Rube Works is also funnier, because you build "real-life" applications, not simply "get that ball from A to Z", and the resulting contraptions are simultaneously logical and ludicrous, exactly like the original Rube Goldberg cartoons. This element of ludicrosity is mostly absent from the Incredible Machine.
Rube Works has only 18 levels, but then it' doesn't cost much, either.
In Rube Works, the main intent is actually humor... the same wacky, ludicrous humor that Rube Goldberg was so famous for. We had a big advantage there since we could actually start with his cartoons and build upon them.

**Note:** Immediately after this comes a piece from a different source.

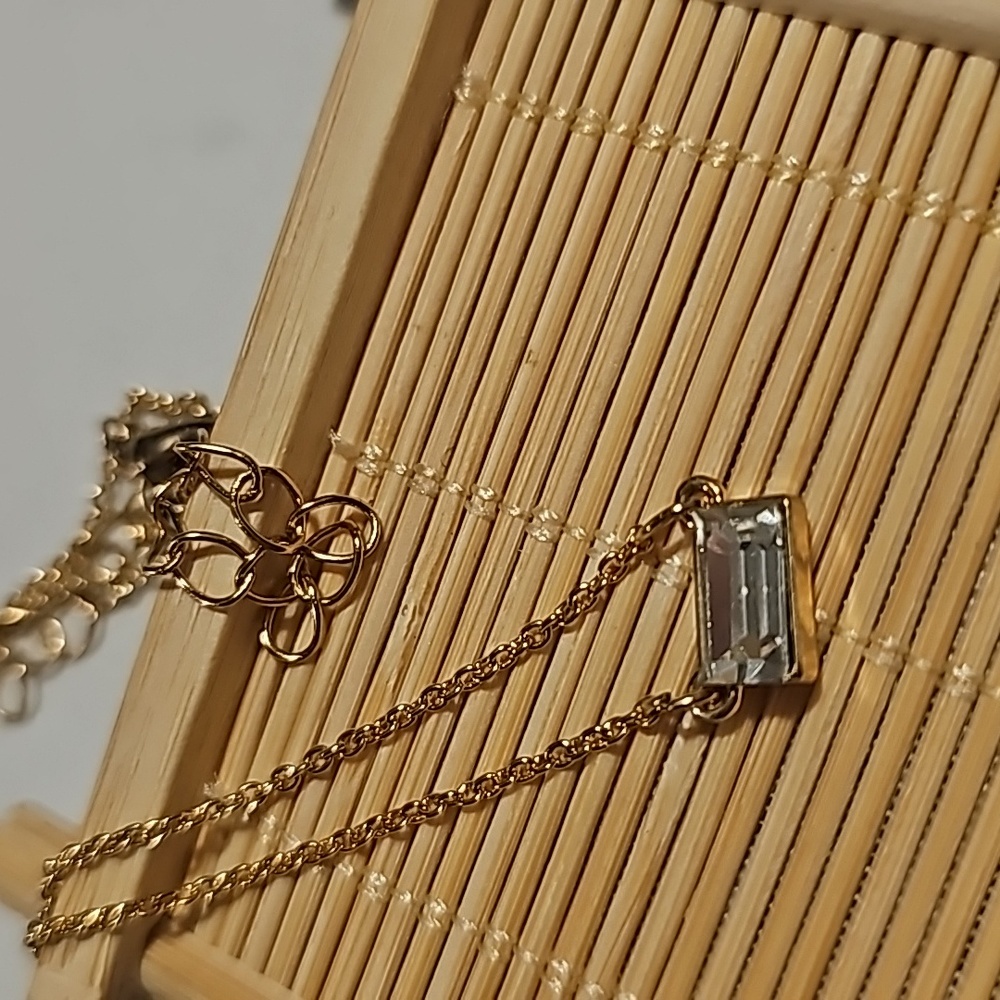 Golden Sparkling Necklace - Picture 2 of 3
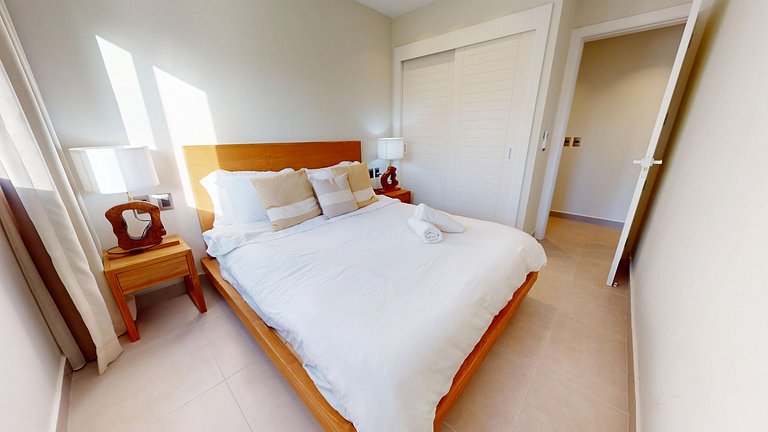 Modern apartment with picuzzy steps from the beach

Note that levels 1-12 are based on Rube's actual cartoons. Levels 13-18 are original contraptions that we designed. Actually, we had two Rube Goldberg Machine experts design these. Joseph Herscher[josephherscher.com], known for his wonderful The Page Turner, and Zach Umperovitch[www.purdue.edu], who led Purdue University's team to victory at multiple Rube Goldberg Machine Contests over the past years and led up the judging at the last two contests.
I'm actually reluctant to solve all of the levels in one go. I'm saving them to do one or two a day.
And yes, Rube Works is more about the puzzle-solving aspects of building Rube Goldberg machines rather than "realistic physics". More like "cartoon physics" here.
I also like how terrible you people are for thinking this game is "funny". Demonstrate that in the trailers/screenshots, then. the incredible machine had plenty of "funny" moments, and I love that bias that shows you haven't even played beyond the first few puzzles since you think it's Bad Rats.